Many preprocessing nodes learn statistics from data (means, categories, bin edges, …). If those statistics are computed on the full dataset and then evaluated on test data, you leak information.

SplitDataset is a container for:

  • train
  • test
  • optional validation

Each split can be either:

  • a pd.DataFrame (with the target column inside), or
  • a tuple (X: pd.DataFrame, y: pd.Series).

Pattern A: split in preprocessing

Use the TrainTestSplitter transformer early.

{
  "name": "split",
  "transformer": "TrainTestSplitter",
  "params": {"test_size": 0.2, "random_state": 42, "target_column": "target"}
}

Pattern B: create SplitDataset yourself

from __future__ import annotations

import pandas as pd
from sklearn.model_selection import train_test_split

from skyulf.data.dataset import SplitDataset
from skyulf.pipeline import SkyulfPipeline

df = pd.DataFrame(
  {
    "age": [10, 20, None, 40, 50, 60, None, 80],
    "city": ["A", "B", "A", "C", "B", "A", "C", "B"],
    "target": [0, 1, 0, 1, 1, 0, 1, 0],
  }
)

config = {
  "preprocessing": [
    {
      "name": "impute",
      "transformer": "SimpleImputer",
      "params": {"strategy": "mean", "columns": ["age"]},
    },
    {
      "name": "encode",
      "transformer": "OneHotEncoder",
      "params": {"columns": ["city"], "drop_original": True},
    },
  ],
  "modeling": {
    "type": "random_forest_classifier",
    "params": {"n_estimators": 50, "random_state": 42},
  },
}
train, test = train_test_split(df, test_size=0.2, random_state=42)

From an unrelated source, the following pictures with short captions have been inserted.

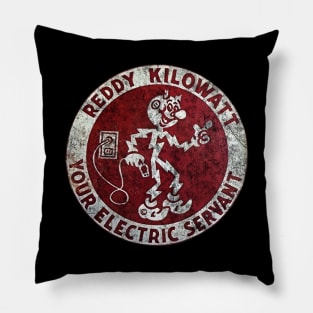 Reddy Kilowatt  Electricity Will Kill You Pillow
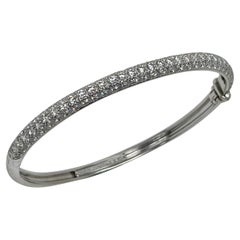 Tiffany & Co., bracelet jonc en platine et diamants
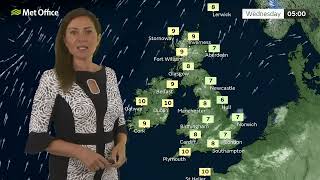 Clare Nasir Met Office Weather 22nd October 2024 PM [upl. by Agueda845]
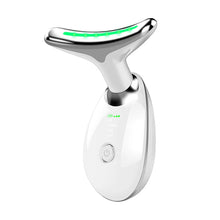 Load image into Gallery viewer, Wavy Chic Beauty Facial Massager, 7 Color Wavy Acne Beauty Microcurrent Facial Device Skin Firming for Face Neck Beauty Device,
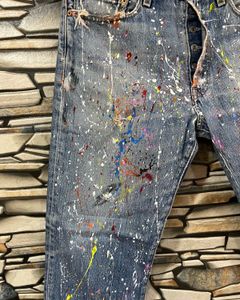 Vintage Levi’s 501 Distress Paint Splatter Jeans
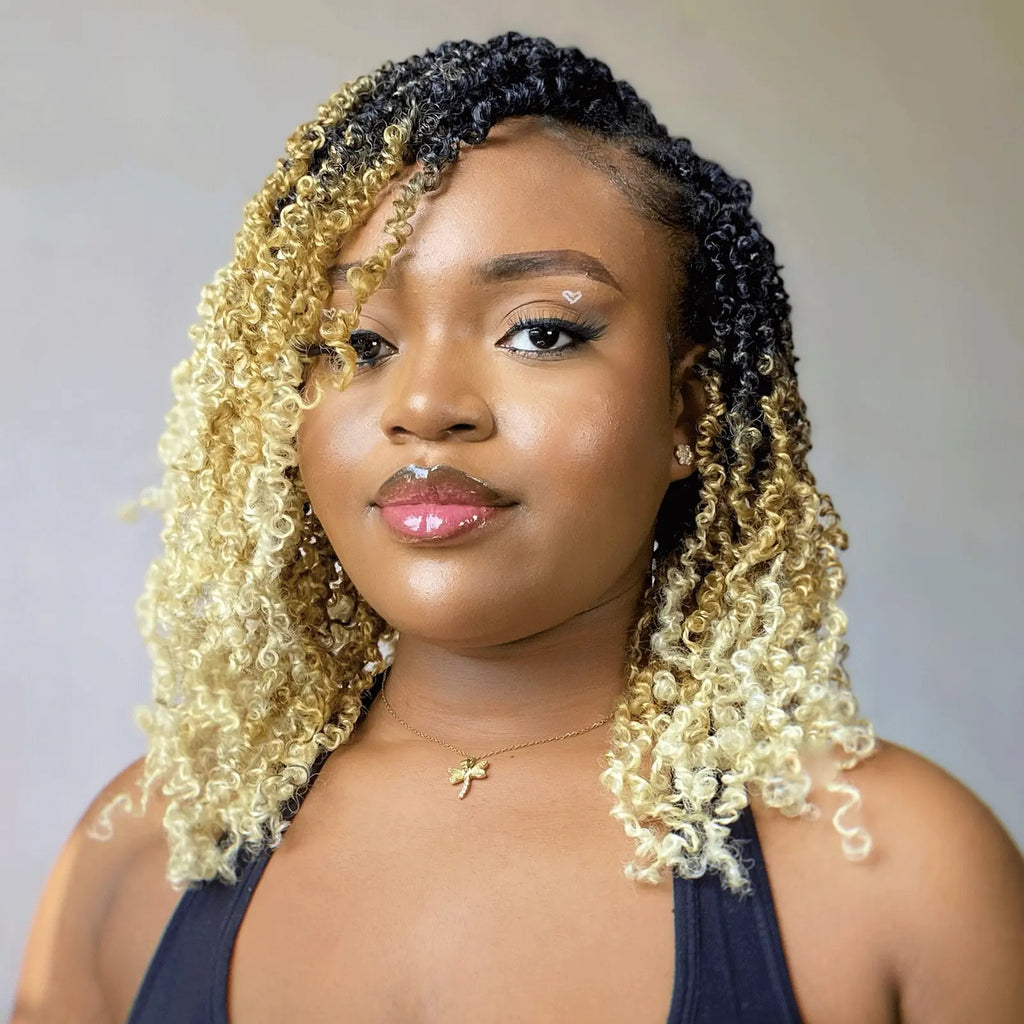 Toyotress Mini Yanky Twist Braiding Hair Short Passion Twist Crochet Braids Synthetic Hair Extensions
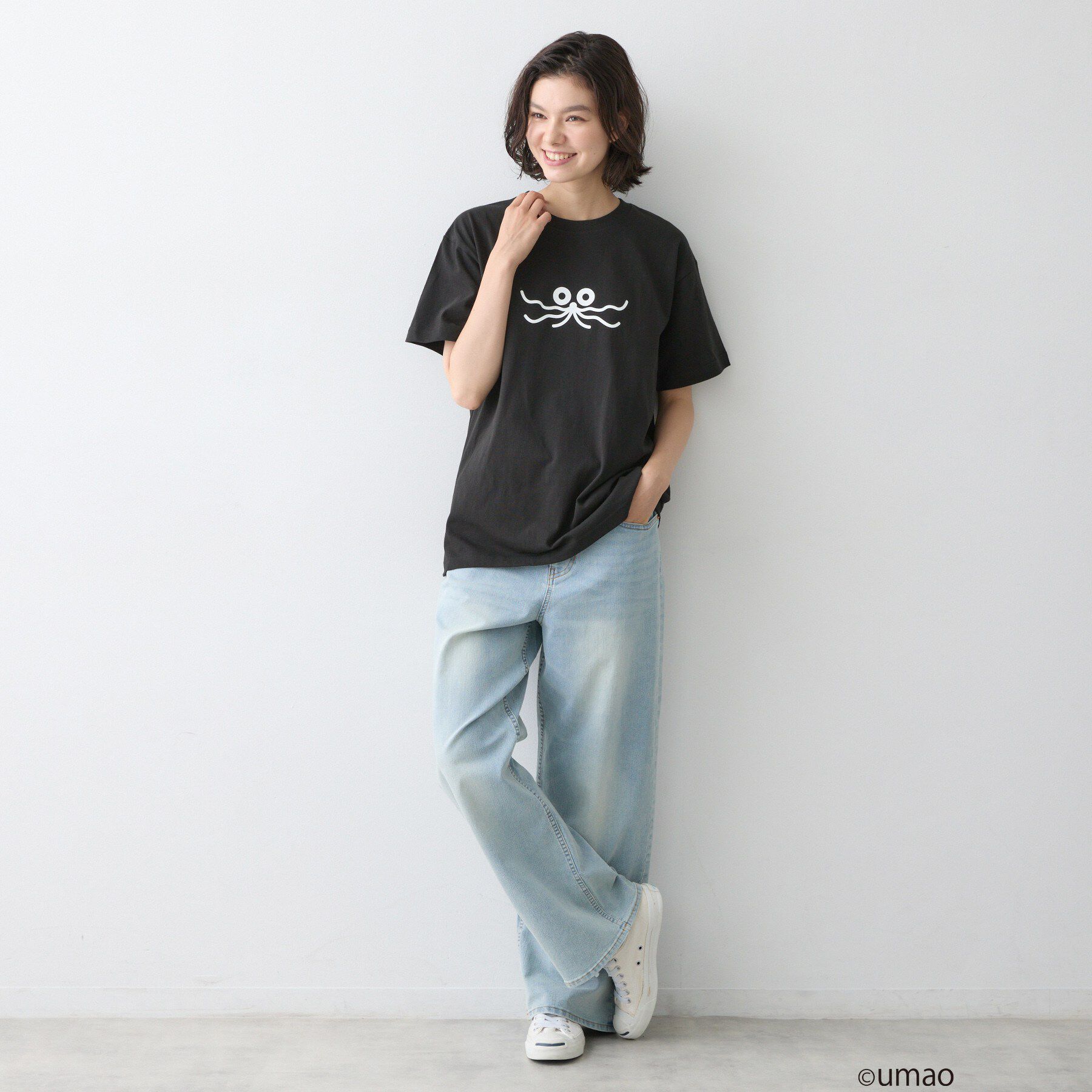 Dessin「UMAO&times;Dessinコラボ プリントキャットフェイスT」|Tシャツ・カットソー|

dataset = SplitDataset(train=train, test=test, validation=None)

pipeline = SkyulfPipeline(config)
metrics = pipeline.fit(dataset, target_column="target")

print(metrics)

Notes on inference

At inference time, FeatureEngineer.transform() skips splitters and resampling steps. That ensures your predict() path remains deterministic.